Look, firstly I am a novelist. Any reader can tell you I think easier in longer forms, unending blah-blah gigantic forms of arc and story and character, than I in the short term. That’s not bragging, I wish I could tone it down. But the fact is, I can’t just think about what’s happening, I have to deal with why it is happening and what will happen because of it. It’s a recapper failing, I think, but it’s my brain. I have to live here.So I’ve written three novels, meaning that I’ve put to paper three complete stories that are even longer than usual. I don’t know if they’ll ever see the light of day, and frankly I don’t care. I would love to shape them into something salable. But that’s primarily about me, and it’s between me and my beloved agent.
Available for human consumption, we’re talking about TWoP. You can love the recaps or hate them, you can take in the detail and literary quality that’s hopefully brought to them, you can appreciate or not the extra layers of interpretation and story that cone in, you can enjoy the humor if that’s what you’re there for. But ultimately, you’re coming to TWoP to see somebody’s response to an episode. I don’t think anybody’s under any illusions about the “recaps” actually filling in the blanks.
I mean, I do try to do that, I hope it’s comprehensible, even with all the extracurricular references and poems and religious texts and whatever, but we also have a responsibility to bring an art to it, in its own right.
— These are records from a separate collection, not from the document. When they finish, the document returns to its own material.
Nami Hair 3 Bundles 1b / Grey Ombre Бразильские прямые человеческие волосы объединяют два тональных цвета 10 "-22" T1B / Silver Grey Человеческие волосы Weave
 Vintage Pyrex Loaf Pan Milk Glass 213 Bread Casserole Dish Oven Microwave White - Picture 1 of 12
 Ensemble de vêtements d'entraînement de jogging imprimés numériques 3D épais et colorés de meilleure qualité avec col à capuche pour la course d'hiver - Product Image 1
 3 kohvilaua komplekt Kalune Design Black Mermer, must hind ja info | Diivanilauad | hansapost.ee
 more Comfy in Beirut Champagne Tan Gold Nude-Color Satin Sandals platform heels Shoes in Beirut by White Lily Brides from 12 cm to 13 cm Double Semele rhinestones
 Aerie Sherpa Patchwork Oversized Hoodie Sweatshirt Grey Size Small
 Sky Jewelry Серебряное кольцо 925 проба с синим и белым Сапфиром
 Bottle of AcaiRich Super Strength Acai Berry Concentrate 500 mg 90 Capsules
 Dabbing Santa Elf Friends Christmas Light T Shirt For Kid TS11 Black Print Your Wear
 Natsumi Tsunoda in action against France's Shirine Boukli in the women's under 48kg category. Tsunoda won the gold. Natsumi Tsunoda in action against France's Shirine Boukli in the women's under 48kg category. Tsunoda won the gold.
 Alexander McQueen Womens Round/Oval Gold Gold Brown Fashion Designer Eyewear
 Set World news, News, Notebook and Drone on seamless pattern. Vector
Firstly, I’m not adding anything: it really is first response. I really am, quietly and secretly, just that pretentious when I’m watching the episode. In my head, watching an episode of the show really is that overblown and emo and detailed and hypertexted. I don’t go back later and talk about Persephone or Pi or whatever: that’s what’s happening when I’m watching, so that’s what I bring to the recap.
And more than that, I’m really, really tired of “snark.” I don’t think there are many of us that are capable, or interested, in turning out boilerplate “snark.” If you want to hear the same jokes you’ve been hearing for ten years, you’re going to need to look to someone less original or interesting than the current staff. We’ve done snark. We’ve done “guilty pleasure.” We can do that shit in our sleep. But I think the spirit of TWoP is a bit more searching and powerful and intellectual than that.
Sars always said (usually defending my psychotic ass) that “recaps don’t mean one specific thing.” Heaven help us if they did. I’m more interested in really testing those limits, that snarky definition, than I am in recapitulating a house style that’s ten years old. We set the standard before I was around, and the rest of the internet took up that standard before I was around, and that’s what “recap” means. But I’m not satisfied, and I don’t think any writer could be for very long, with recapitulating the classic recap. I want to bring the information to the reader in a newer way. The challenge — to me especially, obviously — is in drawing the balance. And god knows I’m not the champ at that. Luckily, I have readers who are generous enough to follow along, and wonder if “recap” means what we all thought it did.
Q: What appeals to you about TWOP?
A: It is a community of people engaged in their entertainment. It is of prime importance to me, as an idealistic person, that people engage with their entertainment, and deliberate about what they are putting in their bodies. Not avoid any particular thing, or gorge on some other thing because it’s intellectually trendy, but just to taste whatever it is with their whole tongue. I think the quality of any given piece of television whatsoever is completely contingent on the viewer.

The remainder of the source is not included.